Web page caption snippets:
- - -

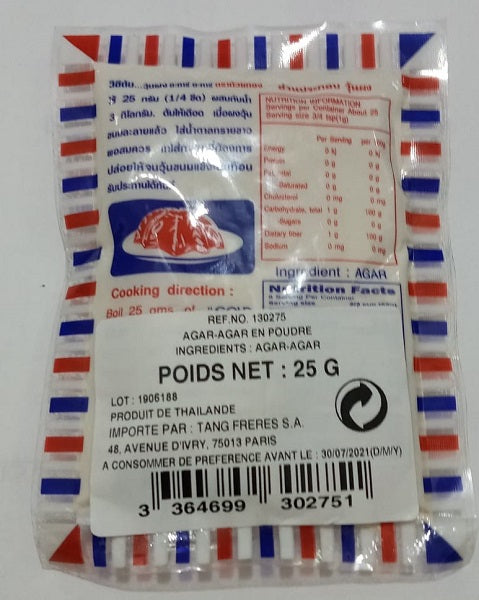 Gélatine végétale Agar Agar en poudre 25g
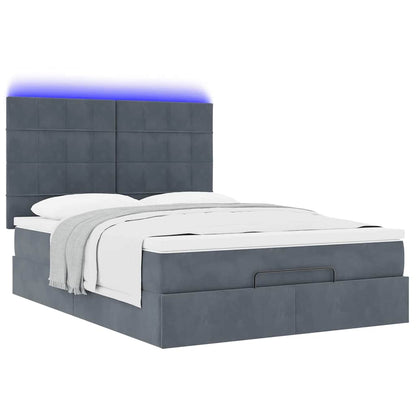 vidaXL Ottoman-Bett mit Matratzen & LEDs Dunkelgrau 140x200 cm Samt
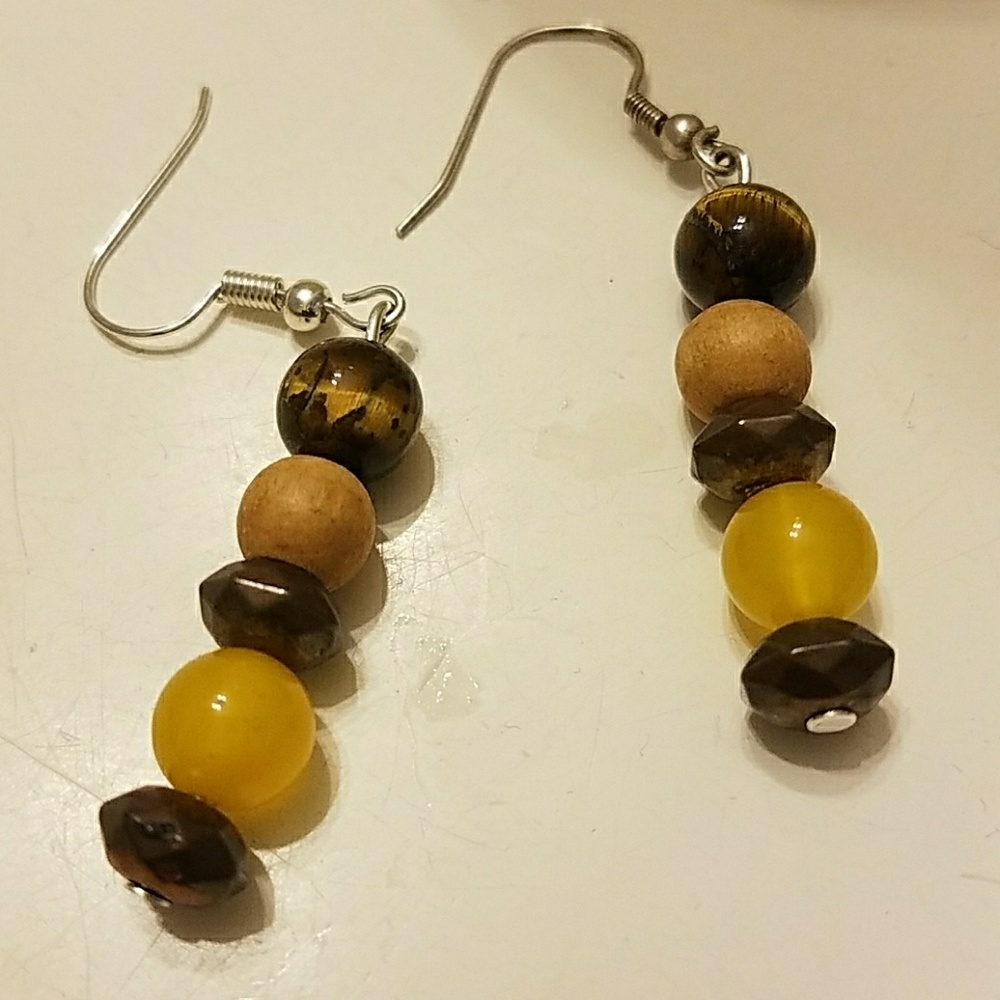 Tigers Eye and Yellow agate Earrings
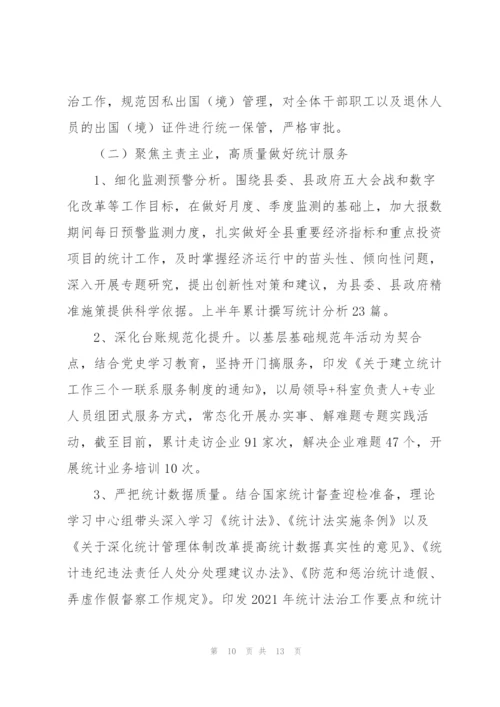 统计局2021年上半年工作总结和下半年工作安排三篇.docx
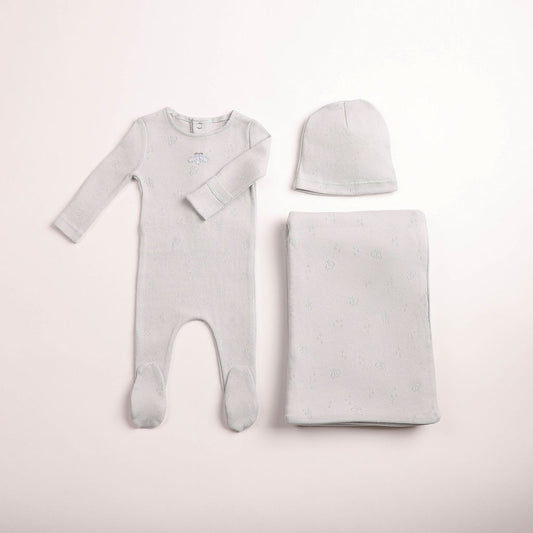 Bee & Dee Wings Pointelle Footie/Beanie - Full Set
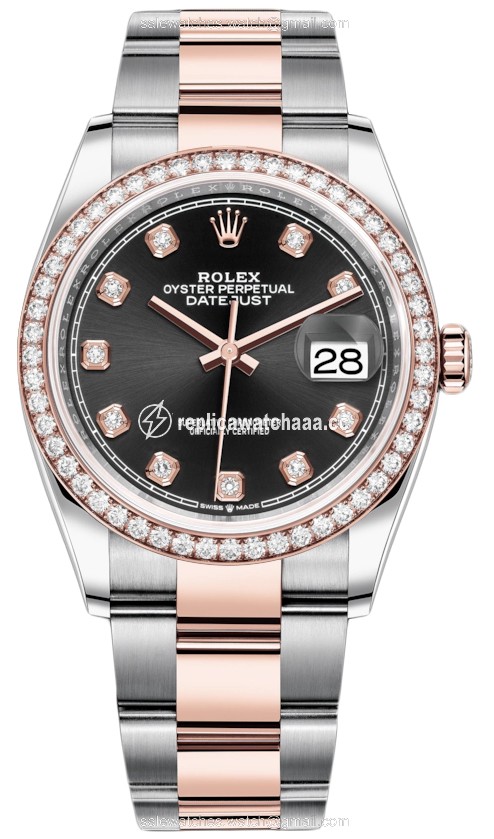 126281RBR Black Diamond Oyster Rolex Datejust 36mm Stainless Steel and Rose Gold Ladies Watch 126281RBR Black Diamond Oyster Rolex Datejust 36mm Stainless Steel and Rose Gold Ladies Watch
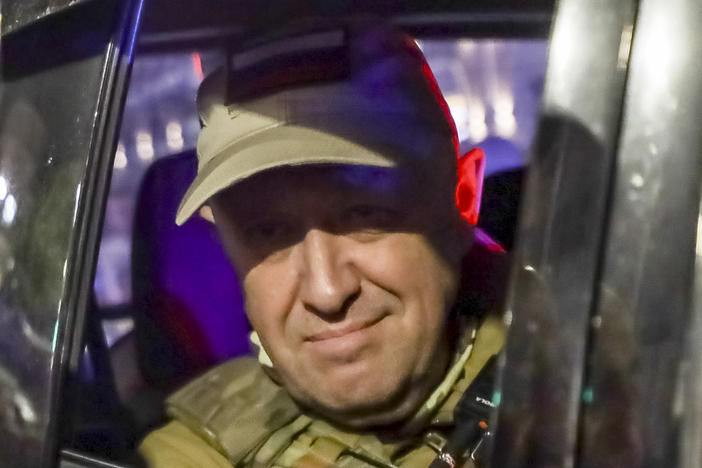 Yevgeny Prigozhin, the owner of the Wagner Group military company, looks from a military vehicle leaving an area of the HQ of the Southern Military District in a street in Rostov-on-Don, Russia, on June 24.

- - -

Task requirements - Set the records down again exactly, and omit any picture in them.

Task answer -
 Gélatine végétale Agar Agar en poudre 25g
 vidaXL Ottoman-Bett mit Matratzen & LEDs Dunkelgrau 140x200 cm Samt
 Tigers Eye and Yellow agate Earrings
 统计局2021年上半年工作总结和下半年工作安排三篇.docx
 Bee & Dee Wings Pointelle Footie/Beanie - Full Set
 126281RBR Black Diamond Oyster Rolex Datejust 36mm Stainless Steel and Rose Gold Ladies Watch 126281RBR Black Diamond Oyster Rolex Datejust 36mm Stainless Steel and Rose Gold Ladies Watch
 Yevgeny Prigozhin, the owner of the Wagner Group military company, looks from a military vehicle leaving an area of the HQ of the Southern Military District in a street in Rostov-on-Don, Russia, on June 24.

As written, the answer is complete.